> Your instructions
Reprint the lines below as they are, minus the pictures.

> Source data
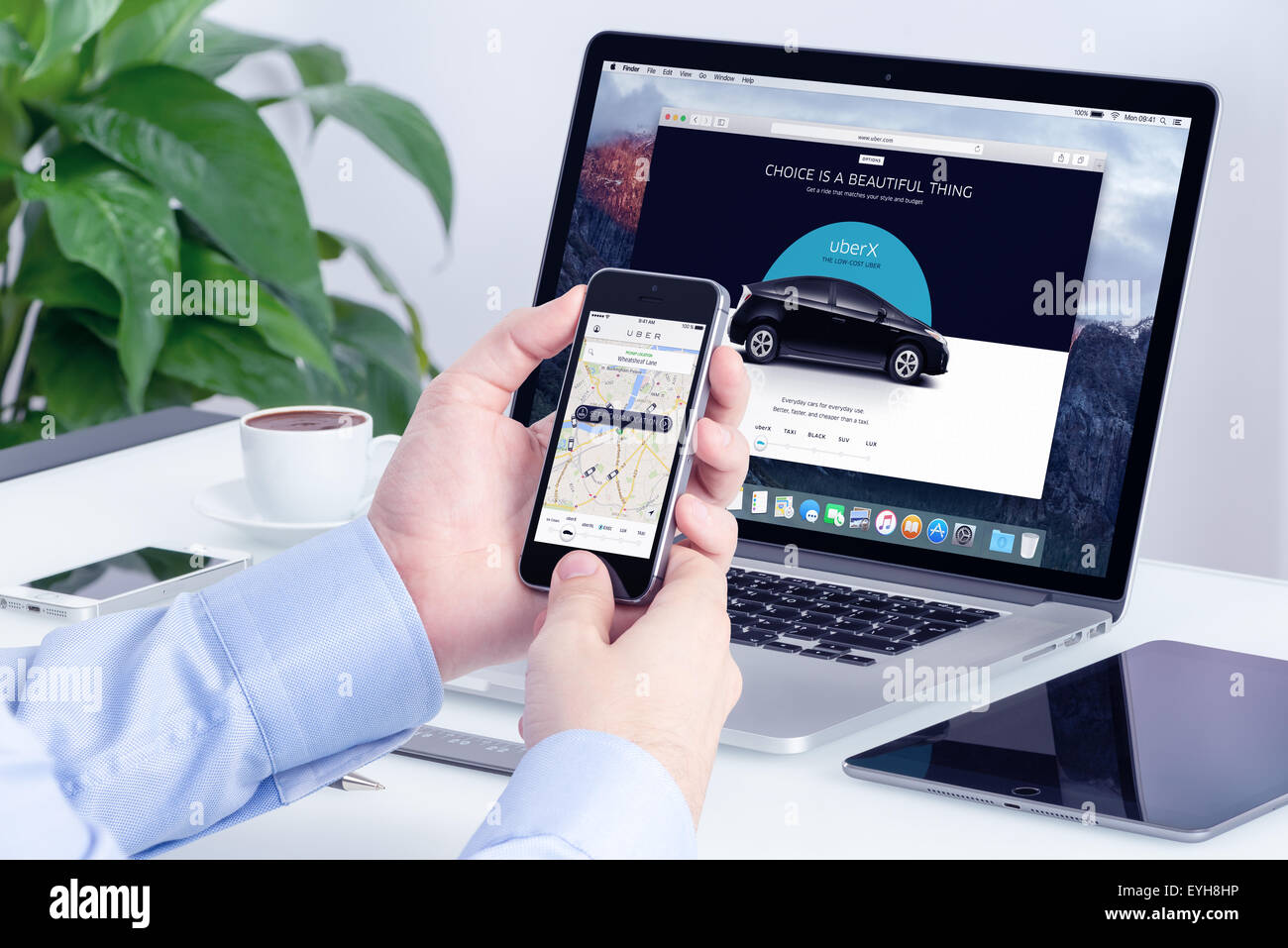 Varna, Bulgaria - 29 Maggio 2015: uomo ordini Uber X attraverso il suo iPhone e Macbook con sito web Uber sullo sfondo. Foto Stock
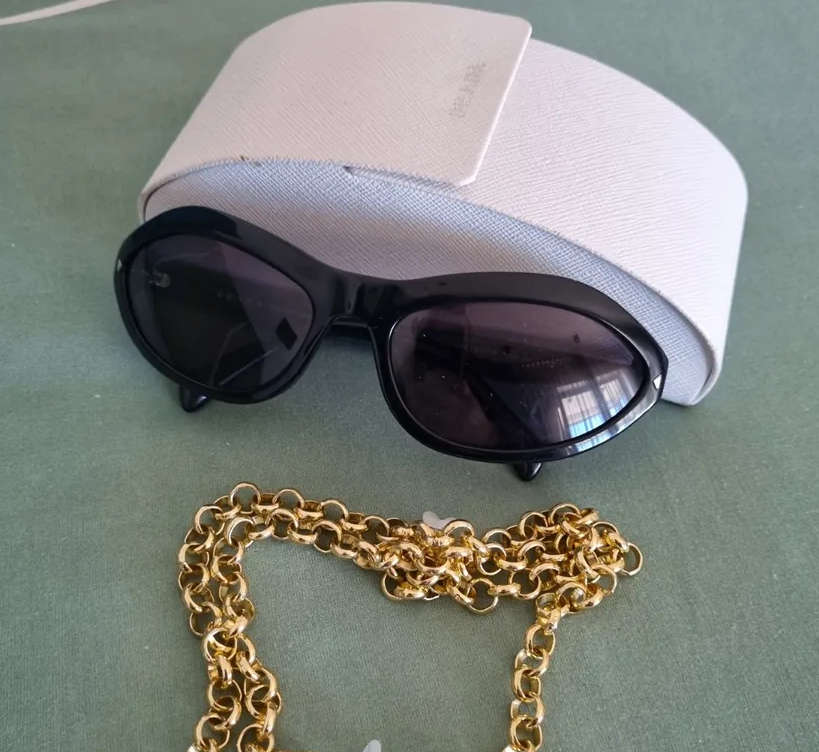 Gorgeous authentic cat eye Prada sunglasses for sale.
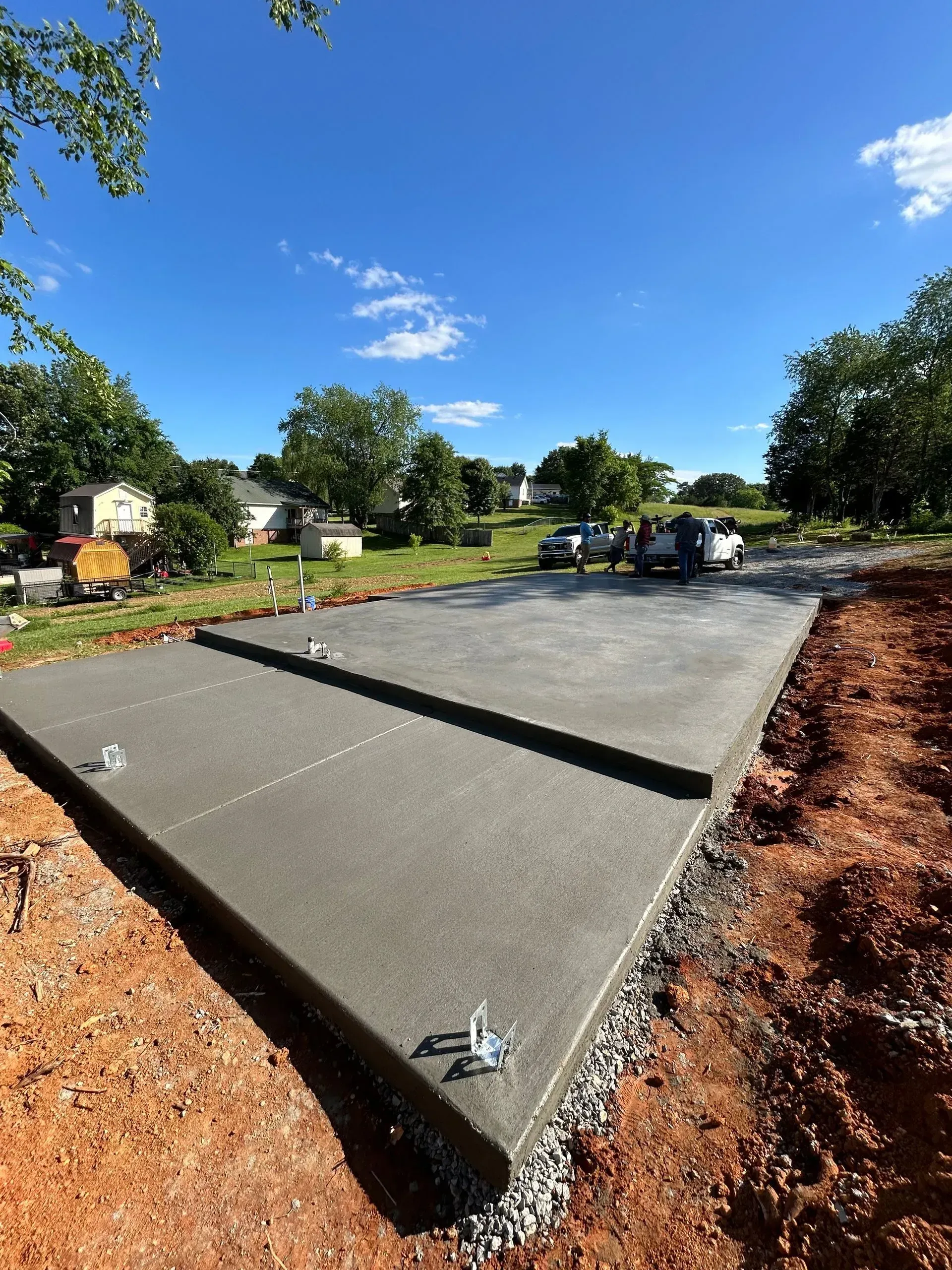Freshly poured concrete slab with embedded anchors, surrounded by dirt and gravel. Blue sky, trees, and houses in the background.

> Reply to the task
 Varna, Bulgaria - 29 Maggio 2015: uomo ordini Uber X attraverso il suo iPhone e Macbook con sito web Uber sullo sfondo. Foto Stock
 Gorgeous authentic cat eye Prada sunglasses for sale.
Freshly poured concrete slab with embedded anchors, surrounded by dirt and gravel. Blue sky, trees, and houses in the background.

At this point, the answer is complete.